IVAN RAMEN, New York City

Ivan Orkin is the chef/owner of Ivan Ramen in New York. He was born in Long Island, New York, Ivan Orkin studied Japanese at the University of Colorado Boulder and, after graduation, moved to teach English in Japan. He returned to New York a few years later ready for a change, and enrolled in the Culinary Institute of America, graduating in 1993 and externing under Bobby Flay at Mesa Grill. After working at Lutèce and as a corporate chef, Orkin returned to Japan with his wife and child, where, in 2007, he opened the first Ivan Ramen in Tokyo. Despite being a foreigner tackling one of the country’s favorite foods, Orkin quickly found success.
1

What is the first dish you remember cooking?

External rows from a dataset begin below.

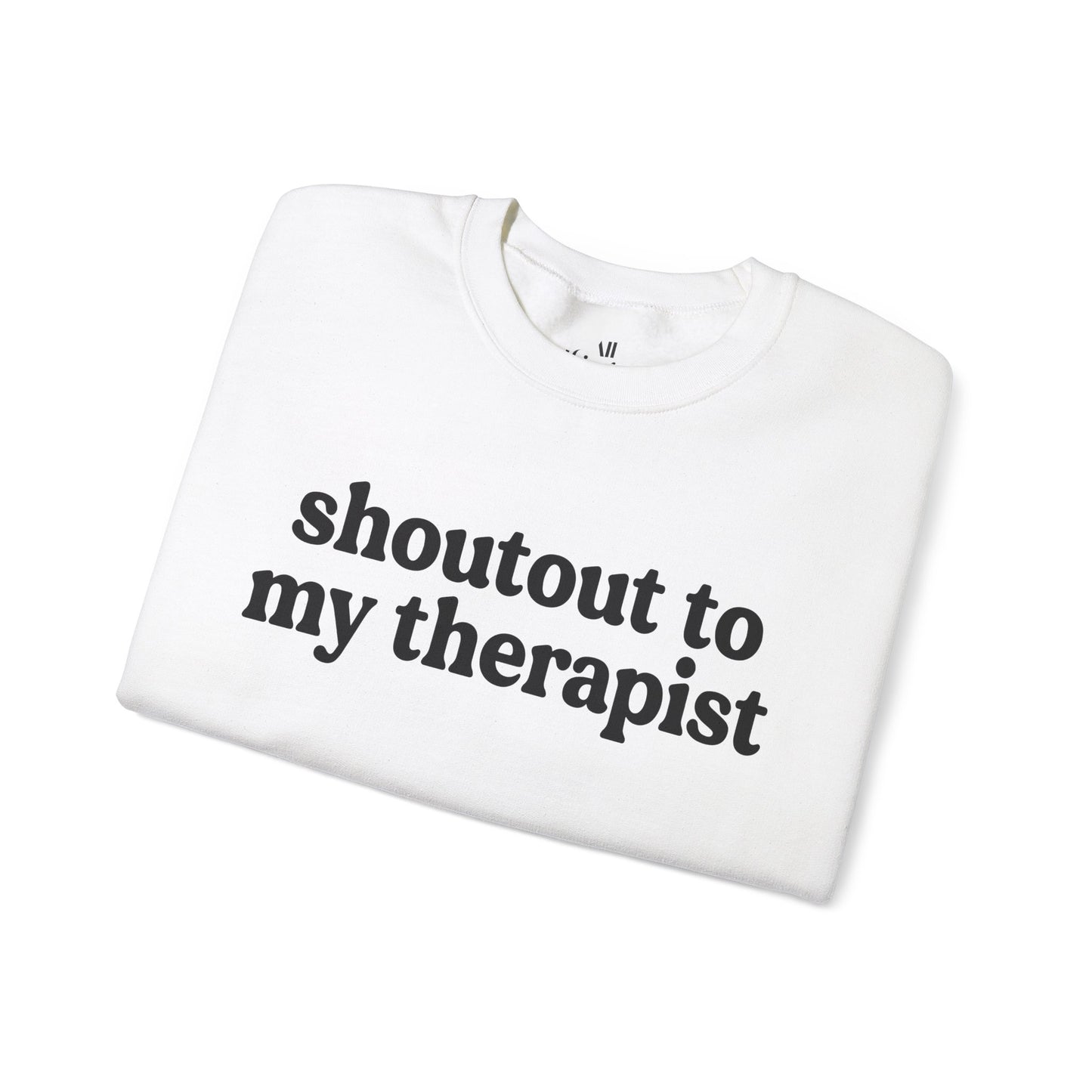 Ain't No Therapist Like The One I Got Unisex Heavy Blend™ Crewneck Sweatshirt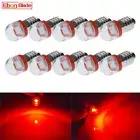 10Pcs E10 SMD 5050 1 LED RED Bulb Lamp MES Screw Torch Headlamp Light 12V DC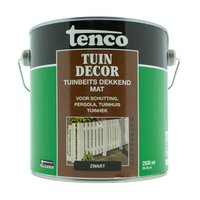 Tenco Tuindecor - Zwart - Mat - 2,5 liter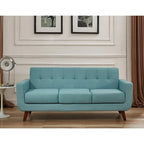 Grace Rainbeau Linen Upholstered Tufted Mid-century Sofa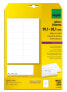 Фото #1 товара Sigel LA321 - White - Non-adhesive label - Universal - Rounded rectangle - A4 - 99.1 x 38.1 mm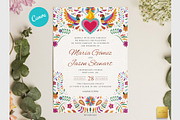 Mexican Wedding Invitation | CANVA, a Stationery Template by Creative Market (Thumbnail 1 of 5)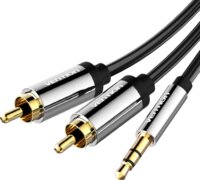 Vention BCFBI 3.5mm Jack apa - 2x RCA apa Kábel (3m)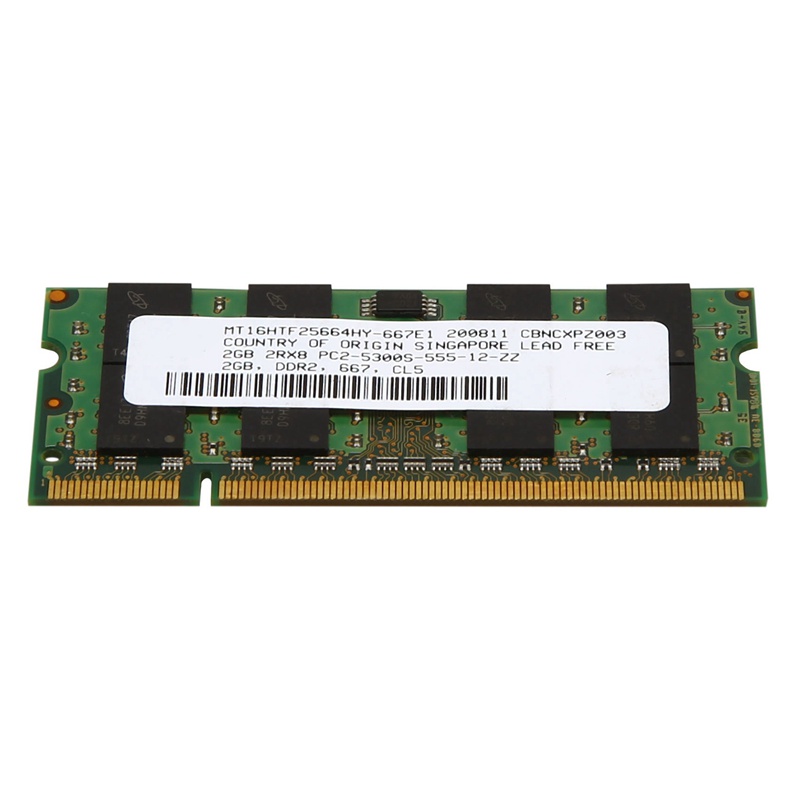 Thẻ Nhớ ram 2gb ddr2 ram 667mhz pc2 5300 1.8v 200pin Cho intel amd ffefhrudh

The first dish I remember cooking was a quiche. I was in 10th grade French class and I was failing. The teacher said if I brought a quiche to class for the year end party I would be awarded a D. I passed French and was on the road to a culinary career.
2

What prep to you hate to do? Love to do?

My worst prep job was zesting and supreming lemons. I always had at least several cuts on my fingers and it would burn like hell! These days I don’t get saddled with prep like I did in the old days, so when I do have prep to do it’s mostly fun. Getting mise en place set, sharp knives, clean station and some pumping Grateful Dead and a mug of coffee! Yeah!
3

Which food is your guilty pleasure?

Ice Cream is my guilty pleasure, although I’ve mostly given it up. Moderation is the word when you crest 50.
4

If you weren't a chef what occupation would you like to try and why?

If I wasn’t a chef (and in reality was a completely different person) I wish I could be a doctor. I’m fascinated by the human body which I think is the most magical thing! I also love helping people and this is the greatest way to impact people’s lives.
5

What or who inspires your culinary creativity and why?

Beautiful meat and produce get my culinary juices flowing. There’s nothing like seeing an ingredient that excites you and then getting to work.

"I am super excited about participating in Chef Fest! I look forward to being surrounded by chefs that I am friends with and who I admire.

I am excited to interact with guests in such an intimate atmosphere. And of course this will all be happening in Hawaii of which I am a huge fan.

For many years Hawaii was the perfect stop between Tokyo and New York and we made a point of going as often as possible. The chance to revel in all Hawaii has to offer has me fired up!"